I know that my song is out of tune. However, as I just got started in Violin, my focus was to get the fingering right and bowing tone is okay (no squeaking sound); as long as the tune/melody is there and that is fine.

However, after I had recorded, I found that certain note is seriously out of tune. I know I need to correct that. But as a newbie, there are just too many areas I need to correct and I don't know where to start and prioritize.

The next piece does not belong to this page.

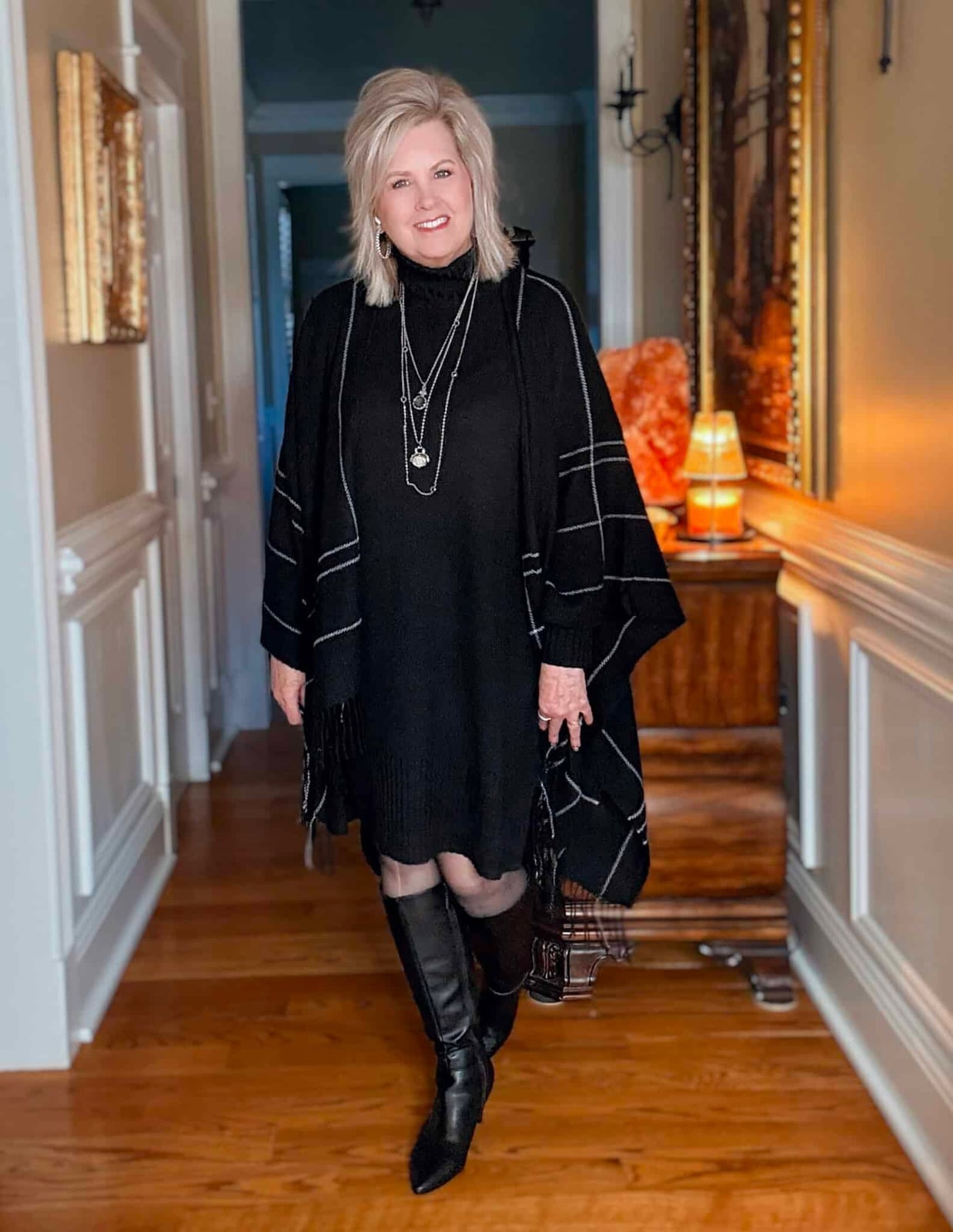Patterned poncho over black turtleneck dress, Office-Safe Version — Casual Winter Outfits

I need to focus on bowing, fingering, posture and etc....

Qns: As a newbie, what do you think is most important to correct?

PS: I've just bought a Yamaha recorder to record my practice.

November 7, 2011 at 01:09 AM · hello yong xin,

since i am not a teacher but a parent that has accompanied my kid in her study, you have to take whatever i say with buckets of salt:)

1. the straight pinkie must go:) regardless of whatever reason you have. you must learn to counterbalance with a curved pinkie. until the pinkie is curved, you are not really balancing it. as you curve the pinkie, you are making adjustment on the balance act, which is done throughout bowing. the only time that the pinkie comes to close to being straight, BUT NEVER COMPLETELY STRAIGHT, is when your bowing is near the frog in an up bow. spend some time watching a variety of people on youtube and you will see that is done consistently, that is, curved pinkie.

in the video i linked, pierre (the guy with the hat) demonstrated bow hold while holding the bow with the other hand. i think this is an important moment and you may want to try it. that is, put down your violin, hold the bow in the middle of the stick with your left hand so the bow floats in the air. now try to get your bow hold onto the bow with your right hand.

since there is no need to balance the bow (because left hand is holding it), your bow hand should be quite relaxed and your pinkie should be curved. (if you find it difficult to curve the pinkie, then you may have other issues with the hold, such as not holding the bow correctly, but that is another topic altogether and tough to speculate further without seeing up close)

now, go in front of a bed or sofa for safety. gently release the hold on the bow by your left hand, a little bit at a time and feel the pressure pushing up from the bow into your pinkie.

now re-hold the bow again with your left hand, so that the pinkie gets a break. relax it.

now repeat this again, by letting go a bit with your left hand, and feeling the pressure into the right pinkie.

and repeat this many times.

why bother with this?

because if you jump into holding the bow out of the blue, the protective instinct in you will bring out the straight pinkie, in a rigid way to do the job of so called counterbalance. everyday you pick up the bow from that moment on, it is the same old thing.

by doing what i have suggested, you can learn to undo this habit. sort of like a desensitizing process for your curved pinkie to take hold in your hand and in your mind.

2. recording and listening carefully what you have done is possibly the most important thing you can do to get better faster.

3. also i saw a mirror there. use it often.

November 8, 2011 at 09:07 AM · Al: Thank you for the advice. As of today, I managed to curved the pinky by closing in the pinky with the rest of the fingers. However, the pinky will start to straighten again when I play a difficult or new piece. Need to keep in check :)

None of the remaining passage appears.